Het is maar een van de episodes in de biografie van Louis XIV die men niet kan vatten zonder een beter beeld van de werking van de instellingen in het rijk van Louis in de vingers te hebben. Het valt dan ook op dat een focus op de heldendaden van Louis le Grand daarvoor weinig ruimte laat. Bovendien heeft het financiële wanbeleid onder Lodewijk XIV voor Louis XV grote gevolgen gehad, net als een klein detail – in onze ogen – de bul “Unigenitus”. Deze veroordeling van het Jansenisme door de paus op vraag van Louis, en openbaar gemaakt in 1713 zou Lodewijk niet meer kunnen doen erkennen door de hoge clerus, noch door het parlement en andere partijen, wat zijn achterkleinzoon Louis XV tijdens de achttiende eeuw het regeren bemoeilijken omwille van de conflicten tussen kroon en parlement en de stroom van pamfletten voedden die uiteindelijk een klimaat van verzet bij de bevolking veroorzaakten onder Louis XVI. De rol van het Parlement van Parijs en de weigeringen wetten te noteren en zo uitvoerbaar te maken droeg ook bij tot het verlies aan prestige van Louis XVI. En ja, het parlement zat vol mensen met jansenistische sympathieën, wat voor Louis XV een hinderlijk gegeven was.

 

Het kan interessant zijn biografieën te lezen, naast andere boeken, artikelen over aspecten van een bepaalde geschiedenis. Kritiekloos aanvaarden van wat een enkele biograaf in de aanbieding heeft, kan voor de beeldvorming hinderlijk zijn, zonder dat lezers zich daar bewust van zijn. Uitgevers doen wat ze moeten doen, uitgeven en winst zoeken te realiseren tot ons plezier natuurlijk.
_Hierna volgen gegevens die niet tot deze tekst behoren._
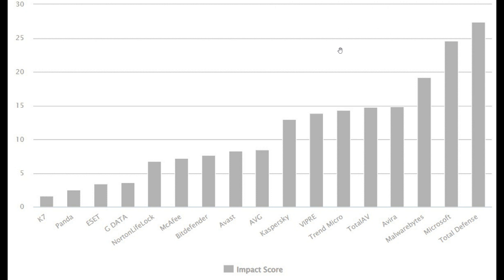So once again, not good news for the Microsoft Defender app. I personally use Microsoft Defender, and I don't have an issue with it, and I personally don't feel why you have to spend money on any third-party antivirus product.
Maar in de boekenwereld spelen recensenten een grote rol als bijkomende filter en zij kunnen aanzetten bieden tot een breder plaatje te komen, of niet.

 

Over Lodewijk de Dikke valt ook wel iets te vertellen, want de dertig jaar dat hij koning was werd hij voortdurend belaagd en belaagde hij zijn tegenstanders onophoudelijk, alle partijen even listig, wantrouwig en tot moord bereid. Om Normandië, Vermandois en Anjou, maar ook Auvergne werd slag om slinger geleverd, met telkens wisselende bondgenoten en nieuwe tegenstanders. Alleen Hendrik I van Engeland leek een constante factor van rivaliteit om Normandië. Maar goed, welke bronnen zijn er beschikbaar en wat voor betekenis hadden de oorlogen? Misschien kan Suger van Saint-Denis daar meer over vertellen, die aan het hoofd kwam van Saint-Denis en Lodewijk adviseerde in het civiele beleid. Suger was dan ook betrokken bij een groot netwerk van briefwisseling. Geschiedschrijving is meer dan het vertellen van de heldendaden van een vorst.